Like we said, with the statistics static over the last few years, pale partnership is not exactly news, but the lack of progress does beg the question: what's the holdup?
One of the reasons why there is a shortage of black partners is that there's a shortage of black lawyers: only 4.2 percent of American attorneys are black, compared to 7.1 percent of physicians and surgeons, 8.5 percent of financial managers, and 9.8 percent of accountants and auditors.
The American Lawyer, the purveyors of the partnership survey, summed up the issue quite nicely by calling our hallowed bar "the palest profession."
Elie Mystal, at Above the Law Redline, describes the social obstacles that block advancement:
Of course, that puts minorities in a "perception" catch-22. Be the guy always at your desk: then you are the guy who isn't doing enough "facetime" to build relationships with your peers. Be the guy always willing to go out for a drink or meet up at the golf course: then you are the guy who might not have the "focus" and the drive to achieve excellence. And that is assuming that the black person is going to even be invited out for the drink or to the country club.
And women, unfortunately, have it worse:
As usual, all that is worse for black women. If they don't do the facetime, they are "surly" and "unapproachable." If they do, and happen to not be at their desk the moment somebody happens to walk by, their absence is visible and noted. If their bosses treat them as secretaries, and they don't complain, they are pushovers. If they do complain, they have an "attitude" problem. A pet pig being fattened for slaughter receives fewer mixed messages than an African-American female at a large law firm, though their fates are going to be sadly similar.
A recent study demonstrated inherent bias on the part of law firm partners when evaluating associates' work: the same memo was scored at 4.1 out of 5 for a white Thomas Meyer, but only 3.2 for a black Thomas Meyer.

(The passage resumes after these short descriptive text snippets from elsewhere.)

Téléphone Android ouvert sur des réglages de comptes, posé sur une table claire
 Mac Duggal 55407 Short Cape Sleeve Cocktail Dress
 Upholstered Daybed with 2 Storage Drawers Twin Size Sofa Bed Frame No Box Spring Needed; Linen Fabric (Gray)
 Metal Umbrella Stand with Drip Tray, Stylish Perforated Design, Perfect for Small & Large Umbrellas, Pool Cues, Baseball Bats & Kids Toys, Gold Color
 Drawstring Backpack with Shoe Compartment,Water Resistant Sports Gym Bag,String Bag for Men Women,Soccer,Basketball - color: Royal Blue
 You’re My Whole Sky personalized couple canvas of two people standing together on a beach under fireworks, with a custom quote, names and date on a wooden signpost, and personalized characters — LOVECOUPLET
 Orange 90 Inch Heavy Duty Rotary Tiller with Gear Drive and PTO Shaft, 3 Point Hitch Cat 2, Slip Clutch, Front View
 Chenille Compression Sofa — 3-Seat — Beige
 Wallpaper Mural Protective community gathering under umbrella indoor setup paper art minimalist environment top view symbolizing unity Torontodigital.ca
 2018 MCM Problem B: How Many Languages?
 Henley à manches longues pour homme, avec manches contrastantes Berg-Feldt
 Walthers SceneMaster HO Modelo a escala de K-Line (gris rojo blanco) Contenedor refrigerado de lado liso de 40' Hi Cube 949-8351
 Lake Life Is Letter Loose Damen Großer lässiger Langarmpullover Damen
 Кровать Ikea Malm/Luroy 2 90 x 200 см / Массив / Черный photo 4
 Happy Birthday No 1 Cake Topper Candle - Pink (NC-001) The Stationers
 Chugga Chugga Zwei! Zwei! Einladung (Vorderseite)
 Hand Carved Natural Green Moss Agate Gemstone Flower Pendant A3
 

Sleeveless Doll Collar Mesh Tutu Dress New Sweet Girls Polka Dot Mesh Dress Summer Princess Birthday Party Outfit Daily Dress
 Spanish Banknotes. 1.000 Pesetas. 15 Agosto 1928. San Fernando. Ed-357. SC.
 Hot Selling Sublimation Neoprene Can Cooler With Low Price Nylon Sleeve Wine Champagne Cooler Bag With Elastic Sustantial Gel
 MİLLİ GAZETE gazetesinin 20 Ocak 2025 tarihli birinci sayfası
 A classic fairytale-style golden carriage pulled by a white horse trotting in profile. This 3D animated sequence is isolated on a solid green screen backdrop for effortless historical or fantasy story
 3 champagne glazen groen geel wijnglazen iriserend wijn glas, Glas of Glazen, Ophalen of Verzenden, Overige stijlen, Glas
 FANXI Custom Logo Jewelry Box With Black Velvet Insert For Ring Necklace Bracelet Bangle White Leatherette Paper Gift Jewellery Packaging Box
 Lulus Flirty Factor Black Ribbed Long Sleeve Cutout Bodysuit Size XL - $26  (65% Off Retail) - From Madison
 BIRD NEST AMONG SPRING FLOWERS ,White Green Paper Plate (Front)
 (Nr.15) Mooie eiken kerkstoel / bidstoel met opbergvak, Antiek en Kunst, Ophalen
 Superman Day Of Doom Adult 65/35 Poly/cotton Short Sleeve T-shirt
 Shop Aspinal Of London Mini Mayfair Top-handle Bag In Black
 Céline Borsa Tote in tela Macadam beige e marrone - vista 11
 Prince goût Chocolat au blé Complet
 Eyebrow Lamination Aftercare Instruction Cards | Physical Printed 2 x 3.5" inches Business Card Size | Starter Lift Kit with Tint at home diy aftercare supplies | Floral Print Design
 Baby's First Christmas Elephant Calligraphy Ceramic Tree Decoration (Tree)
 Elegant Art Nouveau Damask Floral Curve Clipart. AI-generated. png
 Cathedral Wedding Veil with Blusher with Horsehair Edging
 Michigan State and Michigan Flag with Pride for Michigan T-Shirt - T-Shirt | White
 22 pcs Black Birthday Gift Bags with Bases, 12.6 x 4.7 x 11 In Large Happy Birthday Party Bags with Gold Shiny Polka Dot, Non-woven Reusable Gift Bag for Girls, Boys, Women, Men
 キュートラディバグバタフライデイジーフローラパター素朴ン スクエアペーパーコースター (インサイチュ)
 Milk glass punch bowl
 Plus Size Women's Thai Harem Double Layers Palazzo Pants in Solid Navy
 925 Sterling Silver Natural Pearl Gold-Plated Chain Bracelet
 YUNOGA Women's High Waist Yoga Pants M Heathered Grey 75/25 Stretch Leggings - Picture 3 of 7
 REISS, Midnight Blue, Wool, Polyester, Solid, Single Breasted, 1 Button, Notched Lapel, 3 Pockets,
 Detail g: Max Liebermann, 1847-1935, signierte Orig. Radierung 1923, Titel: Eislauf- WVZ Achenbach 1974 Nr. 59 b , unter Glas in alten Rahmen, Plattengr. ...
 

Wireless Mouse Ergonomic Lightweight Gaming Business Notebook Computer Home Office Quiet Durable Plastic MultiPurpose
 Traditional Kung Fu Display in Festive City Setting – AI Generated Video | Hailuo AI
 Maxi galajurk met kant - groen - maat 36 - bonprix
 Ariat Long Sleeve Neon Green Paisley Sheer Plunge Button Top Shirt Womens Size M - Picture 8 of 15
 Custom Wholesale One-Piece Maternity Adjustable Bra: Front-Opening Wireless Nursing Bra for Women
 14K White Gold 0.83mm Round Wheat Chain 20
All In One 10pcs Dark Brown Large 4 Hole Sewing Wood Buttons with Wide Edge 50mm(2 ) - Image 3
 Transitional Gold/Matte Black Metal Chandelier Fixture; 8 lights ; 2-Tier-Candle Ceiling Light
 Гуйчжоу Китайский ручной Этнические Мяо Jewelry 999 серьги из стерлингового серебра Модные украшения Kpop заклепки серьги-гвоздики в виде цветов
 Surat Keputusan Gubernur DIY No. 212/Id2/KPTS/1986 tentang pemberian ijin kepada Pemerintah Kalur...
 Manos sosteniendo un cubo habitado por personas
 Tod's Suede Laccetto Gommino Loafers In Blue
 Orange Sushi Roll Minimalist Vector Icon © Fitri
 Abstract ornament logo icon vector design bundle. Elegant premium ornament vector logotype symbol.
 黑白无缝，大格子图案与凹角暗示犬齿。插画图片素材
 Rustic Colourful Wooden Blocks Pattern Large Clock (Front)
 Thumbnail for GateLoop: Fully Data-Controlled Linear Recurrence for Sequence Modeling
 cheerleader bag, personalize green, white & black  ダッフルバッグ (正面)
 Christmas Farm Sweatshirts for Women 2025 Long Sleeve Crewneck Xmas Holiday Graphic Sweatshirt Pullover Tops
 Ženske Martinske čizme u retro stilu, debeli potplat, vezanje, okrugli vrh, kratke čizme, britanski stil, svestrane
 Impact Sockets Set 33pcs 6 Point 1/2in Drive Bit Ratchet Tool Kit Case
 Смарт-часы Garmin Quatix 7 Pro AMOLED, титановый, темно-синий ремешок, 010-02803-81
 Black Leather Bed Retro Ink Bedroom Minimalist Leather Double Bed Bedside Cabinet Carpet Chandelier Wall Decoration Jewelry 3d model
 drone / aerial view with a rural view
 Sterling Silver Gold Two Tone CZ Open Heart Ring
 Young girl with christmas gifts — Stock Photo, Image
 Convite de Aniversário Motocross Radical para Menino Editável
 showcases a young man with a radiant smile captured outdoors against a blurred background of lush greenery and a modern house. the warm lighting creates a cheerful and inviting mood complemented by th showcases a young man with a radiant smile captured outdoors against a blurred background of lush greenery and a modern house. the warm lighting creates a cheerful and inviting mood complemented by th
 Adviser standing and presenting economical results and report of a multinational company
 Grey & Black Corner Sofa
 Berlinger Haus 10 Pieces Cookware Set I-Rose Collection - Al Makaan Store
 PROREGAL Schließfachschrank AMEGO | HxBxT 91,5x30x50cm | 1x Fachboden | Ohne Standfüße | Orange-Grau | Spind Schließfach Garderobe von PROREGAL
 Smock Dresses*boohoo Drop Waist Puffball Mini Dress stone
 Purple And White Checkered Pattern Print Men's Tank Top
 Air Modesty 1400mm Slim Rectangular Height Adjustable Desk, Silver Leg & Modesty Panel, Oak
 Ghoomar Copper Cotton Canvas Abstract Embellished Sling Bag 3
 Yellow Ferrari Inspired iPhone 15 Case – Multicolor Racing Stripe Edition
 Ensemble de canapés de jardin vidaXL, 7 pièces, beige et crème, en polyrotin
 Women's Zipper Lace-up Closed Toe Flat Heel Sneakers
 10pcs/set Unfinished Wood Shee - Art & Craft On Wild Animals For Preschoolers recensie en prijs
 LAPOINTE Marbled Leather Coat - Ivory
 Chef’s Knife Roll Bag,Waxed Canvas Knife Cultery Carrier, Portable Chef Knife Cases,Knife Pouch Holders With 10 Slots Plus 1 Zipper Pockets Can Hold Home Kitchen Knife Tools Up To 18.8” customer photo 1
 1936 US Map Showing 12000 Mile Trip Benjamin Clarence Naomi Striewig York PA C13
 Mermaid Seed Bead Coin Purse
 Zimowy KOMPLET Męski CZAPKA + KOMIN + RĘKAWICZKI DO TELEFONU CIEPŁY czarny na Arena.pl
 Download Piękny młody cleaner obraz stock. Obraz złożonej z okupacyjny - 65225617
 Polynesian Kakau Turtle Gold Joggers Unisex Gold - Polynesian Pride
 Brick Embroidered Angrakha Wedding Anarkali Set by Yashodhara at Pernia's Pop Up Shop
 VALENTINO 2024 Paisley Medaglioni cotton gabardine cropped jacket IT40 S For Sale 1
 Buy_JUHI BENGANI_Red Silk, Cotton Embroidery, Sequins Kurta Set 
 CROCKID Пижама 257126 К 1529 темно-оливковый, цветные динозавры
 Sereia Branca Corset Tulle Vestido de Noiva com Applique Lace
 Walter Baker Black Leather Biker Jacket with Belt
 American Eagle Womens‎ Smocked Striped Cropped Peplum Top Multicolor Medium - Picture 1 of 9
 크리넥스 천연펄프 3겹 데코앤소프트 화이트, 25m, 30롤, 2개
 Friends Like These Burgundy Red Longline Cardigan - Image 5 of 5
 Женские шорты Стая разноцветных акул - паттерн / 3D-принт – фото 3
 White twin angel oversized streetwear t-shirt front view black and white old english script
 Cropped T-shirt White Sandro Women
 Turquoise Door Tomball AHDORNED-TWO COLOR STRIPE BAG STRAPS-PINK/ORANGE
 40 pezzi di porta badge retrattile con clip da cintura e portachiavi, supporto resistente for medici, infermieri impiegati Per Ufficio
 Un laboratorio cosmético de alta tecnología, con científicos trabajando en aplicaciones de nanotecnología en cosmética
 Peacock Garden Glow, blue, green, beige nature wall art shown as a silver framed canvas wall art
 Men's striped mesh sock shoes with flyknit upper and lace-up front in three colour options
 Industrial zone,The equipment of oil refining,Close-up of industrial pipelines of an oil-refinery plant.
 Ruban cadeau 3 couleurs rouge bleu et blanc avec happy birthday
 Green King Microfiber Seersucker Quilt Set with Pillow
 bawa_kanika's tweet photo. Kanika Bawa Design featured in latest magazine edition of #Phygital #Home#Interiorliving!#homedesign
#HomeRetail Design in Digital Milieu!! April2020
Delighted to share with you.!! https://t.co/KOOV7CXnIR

It wasn't just numerical scores either. The law firm partner participants added qualitative comments that were positive for the white fictional associate (words like "potential") while the black associate inspired the assessment: "can't believe he went to NYU."
Meanwhile, a blind study showed that minority and female associates actually received more positive evaluations than majority men -- basically, they did better work when race and gender was masked.